With US elections 2024 grabbing all eyes as the voting is all set to begin today (November 5), and former President Donald Trump leading the predictions, Emkay Global believes that there is more steam to the volatility and Trump trade. With the election still being a binary event, it is important to understand what this could portend for economic policy ahead and potential impact on asset classes. 

Madhavi Arora, Chief Economist, Emkay Global, said, “While a Trump presidency will be more noisy and volatile, we assess that a Harris presidency will not differ too widely in certain key areas.
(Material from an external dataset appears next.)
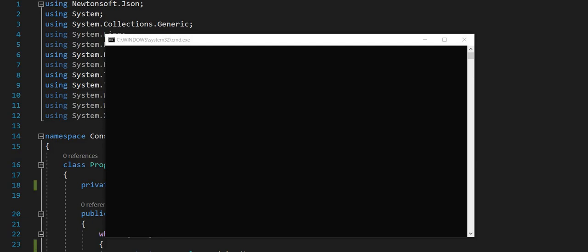Hey what's up guys, in this video we will use Microsoft Cognitive Service text translation API. Let me show you: converting hello in Spanish - hola, hello in Italian - ciao.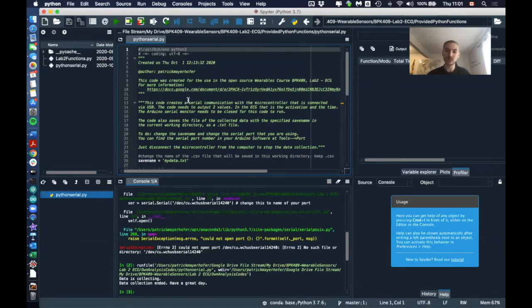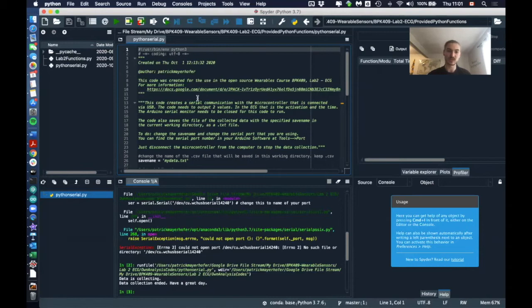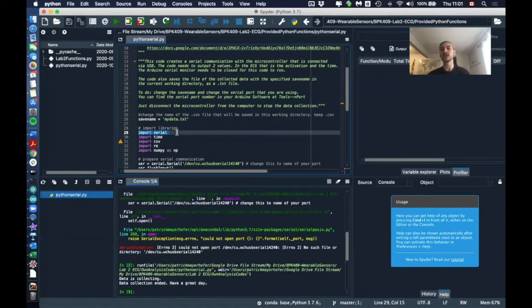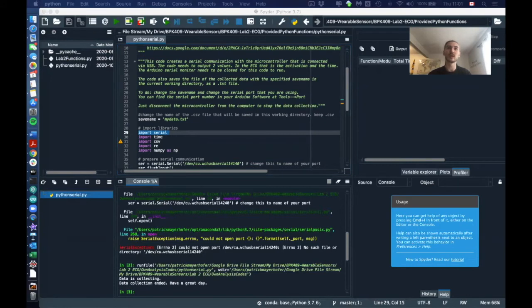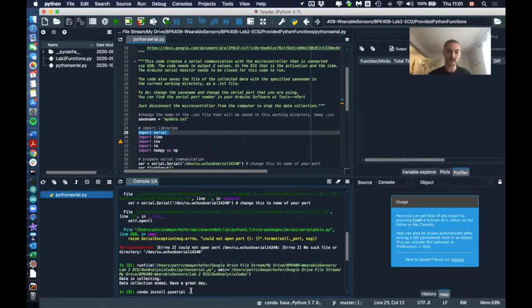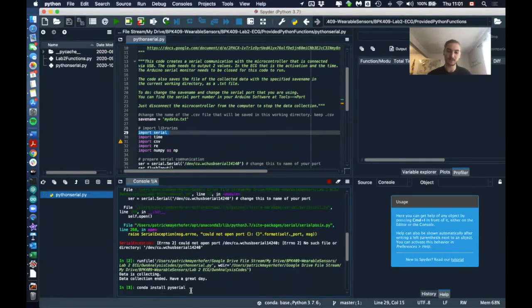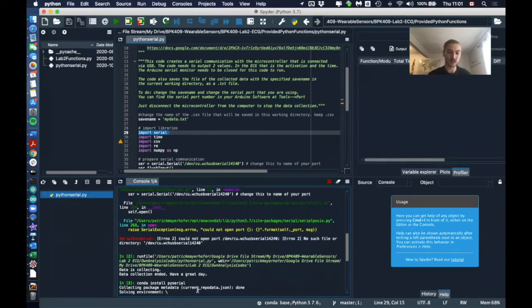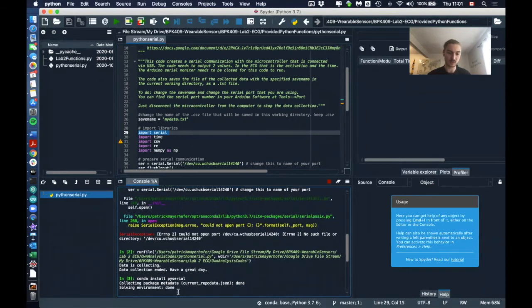But before we do this, we also need to install the library, which is the serial library. We also need to install this on our computer. So for this you guys can run this here: conda install pyserial into your console and click enter, and then you'll have to wait for a few minutes. In my case it will probably tell us that it is already installed. Let's see.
Medium term — watch out for structurally higher volatility in global inflation and growth ahead, implying the conventional playbook of ‘buy the dip’ or ‘time rallies’, during the sustained equity bull markets of the ‘Great Moderation’, need a re-watch.”

“Rising term premium will likely be the next driver of higher yields, whereas FX wars would be the biggest asset class risk that could unfold over the coming years. For India, FX and rates will be the first casualty with equities only temporarily rejoicing the Red sweep. There will be natural weakening bias for INR, led by CNY, while mild bear flattening may make a comeback,” she added.

As the election heads into its final days, the focus now is on swing states, the battleground states which are the major deciders of the presidential election. 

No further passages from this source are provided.